Google’s constant scroll search console does not affect reports.
As you know, Google is constantly scrolling through mobile search. Truth be told, in my original reporting on this topic, I’ve covered a picture of both Search Console and Google Ads reporting – noting that the change in user behavior has no direct effect. But it seems that some are still asking how this change affects performance reports in the search console.
They don’t really affect them, that’s what my original reporting was about:
Constant scrolling also does not change how position reporting works in the search console. The reporting of positions remains as if the pages did not load automatically.
– Google SearchLiaison (archsearchliaison) October 14, 2021
John Mرller from Google added:
Nothing has changed for the search console – position is position. We do not track pages there.

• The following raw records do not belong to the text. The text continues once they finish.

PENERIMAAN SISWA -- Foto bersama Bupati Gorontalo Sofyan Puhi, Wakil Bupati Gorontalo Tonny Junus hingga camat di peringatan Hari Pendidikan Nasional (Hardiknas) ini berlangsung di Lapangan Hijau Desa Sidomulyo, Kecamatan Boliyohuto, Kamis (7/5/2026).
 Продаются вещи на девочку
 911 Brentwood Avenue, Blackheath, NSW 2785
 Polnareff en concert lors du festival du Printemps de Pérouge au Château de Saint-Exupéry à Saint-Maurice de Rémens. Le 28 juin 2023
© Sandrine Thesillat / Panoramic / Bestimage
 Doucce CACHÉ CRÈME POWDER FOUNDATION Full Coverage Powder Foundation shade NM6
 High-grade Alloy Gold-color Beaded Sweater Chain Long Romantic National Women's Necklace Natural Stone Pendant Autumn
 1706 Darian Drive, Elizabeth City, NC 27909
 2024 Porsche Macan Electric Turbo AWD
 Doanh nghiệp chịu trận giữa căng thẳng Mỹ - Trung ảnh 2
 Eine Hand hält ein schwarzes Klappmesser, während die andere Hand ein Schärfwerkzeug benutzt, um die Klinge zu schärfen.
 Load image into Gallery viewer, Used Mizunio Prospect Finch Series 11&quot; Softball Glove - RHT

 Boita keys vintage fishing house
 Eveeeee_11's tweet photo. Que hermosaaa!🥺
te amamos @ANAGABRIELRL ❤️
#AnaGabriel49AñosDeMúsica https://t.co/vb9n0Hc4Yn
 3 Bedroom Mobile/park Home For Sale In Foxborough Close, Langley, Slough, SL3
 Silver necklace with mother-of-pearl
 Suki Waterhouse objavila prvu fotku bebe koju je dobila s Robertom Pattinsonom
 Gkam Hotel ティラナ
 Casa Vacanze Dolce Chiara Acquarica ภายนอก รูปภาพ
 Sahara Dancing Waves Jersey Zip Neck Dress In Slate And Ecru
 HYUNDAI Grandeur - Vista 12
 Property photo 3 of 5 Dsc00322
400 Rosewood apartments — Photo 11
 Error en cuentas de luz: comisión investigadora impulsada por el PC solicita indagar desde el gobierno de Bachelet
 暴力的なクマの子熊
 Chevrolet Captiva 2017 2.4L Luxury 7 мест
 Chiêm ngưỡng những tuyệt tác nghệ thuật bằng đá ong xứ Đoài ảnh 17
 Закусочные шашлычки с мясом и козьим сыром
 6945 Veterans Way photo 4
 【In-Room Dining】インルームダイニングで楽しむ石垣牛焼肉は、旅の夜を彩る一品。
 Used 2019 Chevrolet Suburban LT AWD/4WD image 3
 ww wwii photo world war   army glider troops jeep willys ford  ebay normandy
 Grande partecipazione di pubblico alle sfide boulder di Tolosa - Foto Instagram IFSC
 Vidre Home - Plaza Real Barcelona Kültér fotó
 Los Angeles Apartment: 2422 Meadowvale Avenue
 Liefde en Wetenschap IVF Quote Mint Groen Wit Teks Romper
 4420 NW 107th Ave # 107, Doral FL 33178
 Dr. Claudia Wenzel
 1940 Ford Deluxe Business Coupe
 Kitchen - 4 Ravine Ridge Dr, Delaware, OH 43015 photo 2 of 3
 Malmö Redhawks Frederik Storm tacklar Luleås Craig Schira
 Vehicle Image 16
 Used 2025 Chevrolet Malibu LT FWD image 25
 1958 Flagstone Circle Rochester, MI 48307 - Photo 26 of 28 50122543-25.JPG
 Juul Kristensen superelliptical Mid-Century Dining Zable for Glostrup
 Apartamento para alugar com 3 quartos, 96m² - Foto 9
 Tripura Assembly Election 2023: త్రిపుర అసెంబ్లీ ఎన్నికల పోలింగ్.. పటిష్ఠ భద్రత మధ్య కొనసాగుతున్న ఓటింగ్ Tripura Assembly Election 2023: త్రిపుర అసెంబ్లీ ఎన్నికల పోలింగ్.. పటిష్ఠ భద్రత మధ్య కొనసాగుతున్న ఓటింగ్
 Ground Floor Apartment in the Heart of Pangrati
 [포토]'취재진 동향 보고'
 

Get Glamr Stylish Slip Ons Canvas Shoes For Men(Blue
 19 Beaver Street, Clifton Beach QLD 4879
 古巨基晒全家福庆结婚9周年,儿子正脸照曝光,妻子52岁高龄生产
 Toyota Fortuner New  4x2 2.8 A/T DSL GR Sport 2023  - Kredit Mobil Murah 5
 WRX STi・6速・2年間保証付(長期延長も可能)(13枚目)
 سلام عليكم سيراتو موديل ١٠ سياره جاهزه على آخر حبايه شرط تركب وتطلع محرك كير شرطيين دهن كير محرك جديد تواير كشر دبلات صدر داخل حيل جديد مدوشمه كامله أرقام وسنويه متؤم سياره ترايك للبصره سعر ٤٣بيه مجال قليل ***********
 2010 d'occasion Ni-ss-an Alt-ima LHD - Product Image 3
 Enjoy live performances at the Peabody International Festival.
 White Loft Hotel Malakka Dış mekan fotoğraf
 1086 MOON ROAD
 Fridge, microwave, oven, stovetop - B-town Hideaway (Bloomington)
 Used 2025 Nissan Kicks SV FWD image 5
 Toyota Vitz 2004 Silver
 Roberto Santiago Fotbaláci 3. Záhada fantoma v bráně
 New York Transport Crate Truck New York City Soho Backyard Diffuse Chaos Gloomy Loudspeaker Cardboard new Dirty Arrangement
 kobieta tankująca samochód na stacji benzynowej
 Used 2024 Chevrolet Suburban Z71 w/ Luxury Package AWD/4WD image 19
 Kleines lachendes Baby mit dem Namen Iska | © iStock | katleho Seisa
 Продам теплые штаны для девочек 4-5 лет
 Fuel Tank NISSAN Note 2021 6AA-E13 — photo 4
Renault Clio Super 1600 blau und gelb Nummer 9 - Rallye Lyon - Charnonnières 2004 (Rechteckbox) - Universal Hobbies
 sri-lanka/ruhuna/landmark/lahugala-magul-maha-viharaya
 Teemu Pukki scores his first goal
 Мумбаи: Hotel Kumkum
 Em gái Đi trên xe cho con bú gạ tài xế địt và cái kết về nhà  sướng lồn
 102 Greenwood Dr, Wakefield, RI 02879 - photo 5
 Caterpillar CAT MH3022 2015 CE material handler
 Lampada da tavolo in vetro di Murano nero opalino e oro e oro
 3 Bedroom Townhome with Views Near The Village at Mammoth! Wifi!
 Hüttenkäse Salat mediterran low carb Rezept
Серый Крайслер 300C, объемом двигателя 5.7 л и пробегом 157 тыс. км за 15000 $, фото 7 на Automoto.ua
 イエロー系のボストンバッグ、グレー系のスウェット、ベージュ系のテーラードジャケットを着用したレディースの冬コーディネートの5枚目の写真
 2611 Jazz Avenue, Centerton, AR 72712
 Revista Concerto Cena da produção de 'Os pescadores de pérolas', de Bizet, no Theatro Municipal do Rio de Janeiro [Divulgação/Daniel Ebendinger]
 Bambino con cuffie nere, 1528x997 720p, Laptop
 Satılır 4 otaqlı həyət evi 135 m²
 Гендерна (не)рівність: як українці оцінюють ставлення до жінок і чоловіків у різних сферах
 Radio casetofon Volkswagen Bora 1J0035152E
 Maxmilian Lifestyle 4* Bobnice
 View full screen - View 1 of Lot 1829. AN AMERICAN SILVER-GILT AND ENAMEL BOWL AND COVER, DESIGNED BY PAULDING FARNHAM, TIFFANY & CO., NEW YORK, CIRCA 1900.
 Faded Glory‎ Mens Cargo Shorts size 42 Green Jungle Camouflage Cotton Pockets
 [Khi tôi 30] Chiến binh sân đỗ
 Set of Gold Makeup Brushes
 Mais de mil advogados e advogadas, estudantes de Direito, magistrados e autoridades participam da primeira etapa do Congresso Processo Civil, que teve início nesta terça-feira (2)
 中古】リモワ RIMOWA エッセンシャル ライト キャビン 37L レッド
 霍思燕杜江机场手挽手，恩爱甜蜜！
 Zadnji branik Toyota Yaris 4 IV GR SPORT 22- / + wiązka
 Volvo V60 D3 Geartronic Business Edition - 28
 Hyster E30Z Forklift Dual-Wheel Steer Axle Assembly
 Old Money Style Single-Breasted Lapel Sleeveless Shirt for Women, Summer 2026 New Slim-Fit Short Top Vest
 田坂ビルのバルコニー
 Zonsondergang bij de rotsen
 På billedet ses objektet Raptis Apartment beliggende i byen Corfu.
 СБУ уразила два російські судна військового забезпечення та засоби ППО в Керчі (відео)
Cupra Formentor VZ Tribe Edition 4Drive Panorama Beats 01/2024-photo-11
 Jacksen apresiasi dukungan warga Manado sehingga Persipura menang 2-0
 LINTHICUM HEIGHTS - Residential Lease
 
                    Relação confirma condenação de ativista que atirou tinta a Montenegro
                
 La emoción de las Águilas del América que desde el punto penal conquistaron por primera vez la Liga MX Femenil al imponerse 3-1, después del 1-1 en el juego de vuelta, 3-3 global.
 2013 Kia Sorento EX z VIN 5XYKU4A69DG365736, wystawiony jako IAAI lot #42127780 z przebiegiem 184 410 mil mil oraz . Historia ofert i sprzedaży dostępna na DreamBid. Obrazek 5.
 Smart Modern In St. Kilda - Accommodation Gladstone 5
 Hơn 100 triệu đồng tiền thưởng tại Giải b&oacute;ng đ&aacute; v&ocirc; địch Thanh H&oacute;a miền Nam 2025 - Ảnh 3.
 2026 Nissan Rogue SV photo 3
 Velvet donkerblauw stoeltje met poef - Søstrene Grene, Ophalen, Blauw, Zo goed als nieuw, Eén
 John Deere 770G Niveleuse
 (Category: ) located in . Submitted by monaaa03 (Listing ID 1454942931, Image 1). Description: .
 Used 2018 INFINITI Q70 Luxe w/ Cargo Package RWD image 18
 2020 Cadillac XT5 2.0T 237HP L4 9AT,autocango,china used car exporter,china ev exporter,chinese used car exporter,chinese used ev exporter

I have no idea what third-party rank trackers do here – they usually work outside of our Terms of Service.
– ? John ? (oJohnMu) October 14, 2021
My understanding is that (I don’t have time to test, still holding for a week) that we still load the results in groups of about 10, so that when it looks like a page Yes, it’s still about “10 pages.”
– ? John ? (oJohnMu) October 18, 2021
Here’s a recent tweet from John on this:
AFAIK It still loads in the middle of ca 10 (in the background), so there will be some “pagination” even if it’s more transparent. I doubt it will increase impressions (easier to see more results), keep clicks steady. So if you look at the pure CTR, you will see the exact changes.
– ? John ? (oJohnMu) October 21, 2021
And he also talked about it in his recent video hangout at the 46:57 mark where he said:
But basically, on our own, we’re still loading search results into groups of 10. And as the user scrolls down the page, we dynamically load the next set of 10 results there. And when that set of 10 results loads, it counts as an impression. So that basically means scrolling down like this, and you’ll start to see page two of the search results, which we’ll see, well, now it’s page two.
And now there are impressions, like if someone clicks directly on page two in the links. So from that point of view, there really isn’t much change.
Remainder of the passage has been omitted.